When you form a corporation, you must appoint a board of directors. Though their size and makeup differ from company to company, every corporation has must have one. Unfortunately, there are no hard and fast rules about structuring a board of directors, a fact that leaves many new business owners uncertain about exactly how to organize their upper management.
Understanding the purpose of your board and the roles of directors and officers will help you effectively hit the ground running after incorporation.
Public vs Private
Private corporations have great leeway in how they organize management. In very small companies, a single individual can serve as the sole director and fulfill the roles of all corporate officers, something clearly not possible in a large corporation.
While this article focuses primarily on public, corporate structure, it should be noted that in recent decades, rules for public companies have been adopted by and helped shape the composition of private corporations.
Shareholders, Directors and Officers: Who's Who?
When it comes to the management of your corporation, there are three distinct categories of stakeholders:
- Shareholders: owners of the company who have exchanged assets for shares of stock
- Directors: appointed by shareholders to oversee the management of the corporation
- Officers: appointed by directors to manage the day-to-day activities of the company
In many companies, these three roles intersect so that you may have a Chief Executive Officer who also has a seat on the board of directors and owns shares of the company stock.
Who's on the Board?
A board of directors can range in size anywhere from three to thirty or more members (or as few as one in a privately held company). A GMI Ratings study prepared for the Wall Street Journal in 2014 found that the average board size was 11.2 members. The study also found that smaller boards tended to outperform larger ones.

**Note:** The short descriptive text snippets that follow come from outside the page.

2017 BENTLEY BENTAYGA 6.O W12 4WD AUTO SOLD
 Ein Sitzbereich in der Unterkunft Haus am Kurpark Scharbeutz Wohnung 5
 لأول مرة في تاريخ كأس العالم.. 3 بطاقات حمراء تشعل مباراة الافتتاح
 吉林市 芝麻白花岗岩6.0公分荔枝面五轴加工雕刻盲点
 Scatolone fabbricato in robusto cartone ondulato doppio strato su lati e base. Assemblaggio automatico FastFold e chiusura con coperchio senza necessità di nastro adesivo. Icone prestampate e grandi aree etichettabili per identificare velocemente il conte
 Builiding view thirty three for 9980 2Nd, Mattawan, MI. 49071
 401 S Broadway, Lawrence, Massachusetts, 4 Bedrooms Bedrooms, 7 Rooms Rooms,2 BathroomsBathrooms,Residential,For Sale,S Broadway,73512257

There are three distinct types of directors:
- Chairman of the Board: the leader of the board whose job is to effectively oversee the other directors and work in conjunction with the CEO and other corporate officers to formulate and implement business strategies
- Inside Directors: directors elected from within the company who have either a direct stake in the success of the business or who work in the daily operations and can offer insider perspectives
- Outside Directors: directors elected from outside the company who have no stake in the success of the business and who are brought in to provide unbiased and impartial perspectives
In 2002, the US Congress passed the Sarbanes-Oxley Act, which required public companies regulated by the Securities Exchange Commission (SEC) to include outside directors on their boards, specifically on their Audit Committees.
Directors of public companies are invested with fiduciary responsibilities. They must manage in good faith and make decisions that are beneficial to stockholders. For this reason, outside directors are highly valued for their impartiality.
Roles of Corporate Officers
Corporate officers are elected by the board of directors. Their job is to manage the daily activities of the corporation. Officers can sit on the board of directors. In fact, it is common for the CEO to also be a director.
There are three significant officer roles:
- Chief Executive Officer (CEO): the highest-ranking executive of the corporation responsible for the corporation's operations at every level, the CEO reports directly to the Chairman of the Board.
- Chief Operations Officer (COO): second in command, the COO oversees the daily business operations and reports directly to the CEO.
- Chief Financial Officer (CFO): top executive in charge of the corporation's finances, the CFO calculates financial risks, plans financial strategies, prepares and oversees company audits and handles financial record keeping.
Because the CEO answers directly to the Chairman of the Board, it is usually seen as a conflict of interest for the same individual to hold both positions.
While your board of directors will have regular meetings, it is also comprised of smaller committees. There are four significant committees found on most boards.
The Executive Committee (EC) should be a small group of directors capable of convening easily, quickly and often. An EC is often tasked with making urgent executive decisions during periods when a normal board meeting isn't scheduled. Where full board meetings are infrequent, many ECs meet regularly to handle routine business.
The Audit Committee (AC) works with the corporation's auditors to ensure that the company's financial records and tax reports are accurate and complete. Your AC should meet at least four times a year to review the most recent quarterly audit.
The Compensation Committee (CC) sets pay for top executives. Clearly, the CEO and other officers with direct conflicts of interest should not be members of the CC. Your CC should meet at least twice a year. Holding only a single meeting each year will give the impression that the CC is merely signing off on a compensation package instead of holding a rigorous debate.
The purpose of the Nominating Committee (NC) is to nominate people to the board of directors. An NC must design and oversee a nomination process.
When structuring your board of directors and upper management, be sure to consider not only the various strengths and weaknesses each member brings to the table but also the way in which personalities interact. Strong corporate management comes from a board that is neither too divided nor too lock-step.
Every director and officer should, ideally, be dedicated to the success of the company. It is not easy managing even a small corporation, and individuals who are lackluster in their commitment will likely find their talents better served elsewhere.